In Irish: iarmhartach ar adhmaid


----------



## fergalo

Sionees,
It's probably pre-christian.  All those Celts in the oak-groves in search of mistletoe...
Regards,
FergalO


----------



## DearPrudence

StefKE said:


> In French we say: *'Touchons du bois'*. Which means: _'Let's touch wood'_.

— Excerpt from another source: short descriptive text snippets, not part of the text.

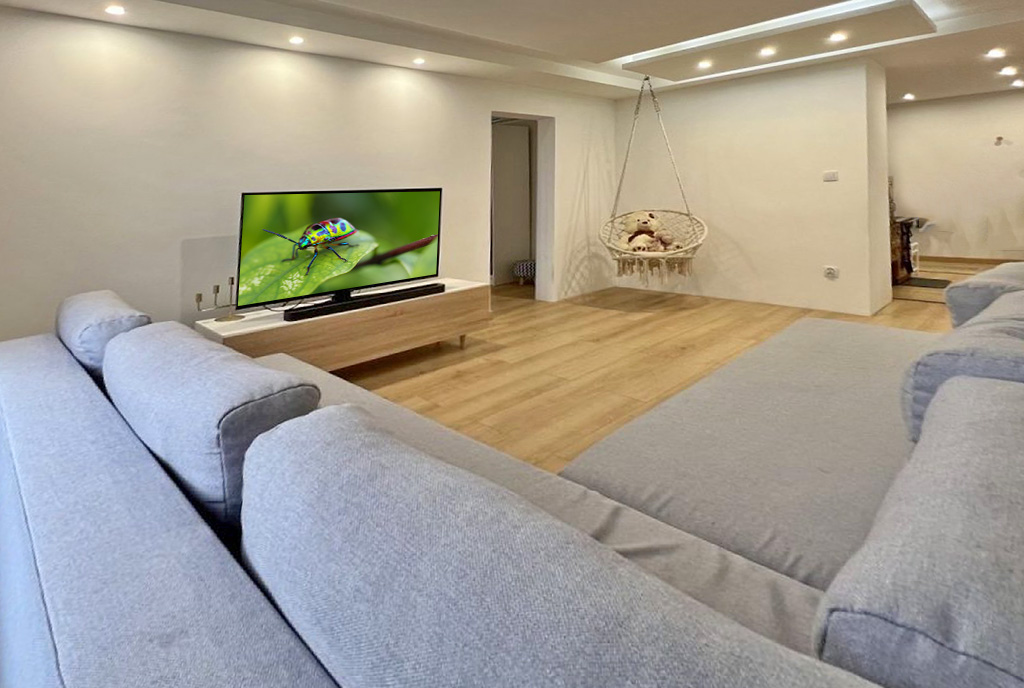 zaaranżowany we współczesnym designie salon w luksusowym apartamencie na sprzedaż Legnica (okolice)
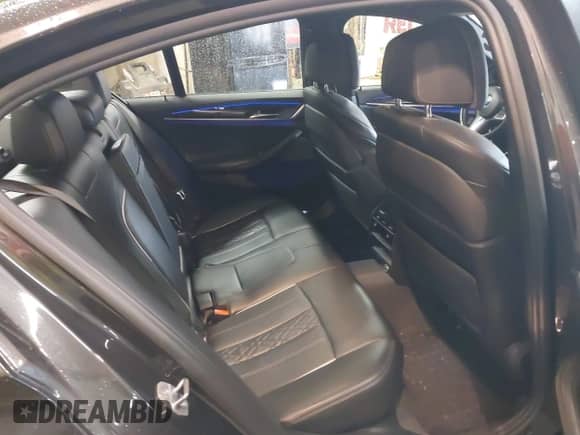 2018 BMW 5 Series M550i xDrive с VIN WBAJB9C53JB049920, выставлен на аукционе IAAI как лот 42216748 с пробегом 53 036 миль миль и . История ставок и продаж доступна на DreamBid. Изображение 8.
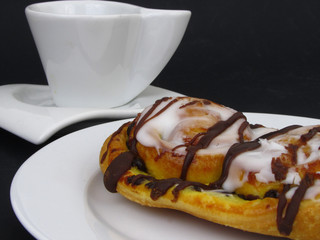 Plundergebäck und Kaffee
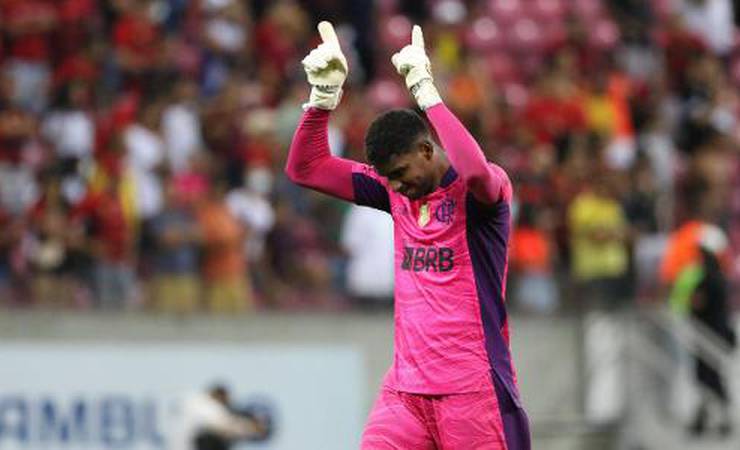 Em meio a busca do Flamengo por goleiro, Hugo tenta provar seu valor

In *French*, I hear more "*Je touche du bois*" (*"I'm touching wood"*) than "Touchons du bois".
We can also add:
*"Je touche du bois* (& you usually knock on a table or something supposedly made out of wood)* et de la peau de singe* (literally = *"monkey's skin" *and you touch your head, or arm,... )


----------



## fergalo

In English, "touch wood" and American, "knock on wood" the speaker often taps his head, for want of anything more wooden.


----------



## apmoy70

In Greek:
«κτυπάω/κτυπώ ξύλο» [kti'pa.o 'ksilo] (uncontracted verb)/ [kti'po 'ksilo] (contracted verb)
or
«χτυπάω/χτυπώ ξύλο» [xti'pa.o 'ksilo] (uncontracted verb)/ [xti'po 'ksilo] (contracted verb)
Both can be used but the «χτυπάω/χτυπώ» version of the verb, prevails in the vernacular.
Lit. "to knock (on) wood".


----------



## mataripis

Tagalog: Hampas sa Kahoy.


----------



## DearPrudence

mataripis said:


> Tagalog: Hampas sa Kahoy.


Mataripis, could you please give a literal translation: do you use "kock" or "touch"?


----------



## mataripis

the word "hampas" is not just touching but it is as strong as hitting an object with force.But the literal translation is let the bad luck be on wood and not on you.


----------



## qnk

In Spanish we say *tocar madera. 

*Since *tocar* is an infinitive it must be conjugated conveniently. For example: toco, tocaré, toquemos, toca, among most commonly heard.


----------



## rusita preciosa

It's knock in Russian.

*постучи по дереву */postutchi po derevu/ - knock [several times] on wood

The gesture is to knock on wood (or on own head for lack of other wood) with knuckles.


----------



## ahaz

Ok Norwegian se say *Bank i bordet*, knock on the table


----------



## estelada

Hello 

Though I can see this thread is a bit of an 'oldie', I'd like to contribute: In Catalan, we say 'tocar ferro' which means: 'to touch iron'. Same as in Italian.


----------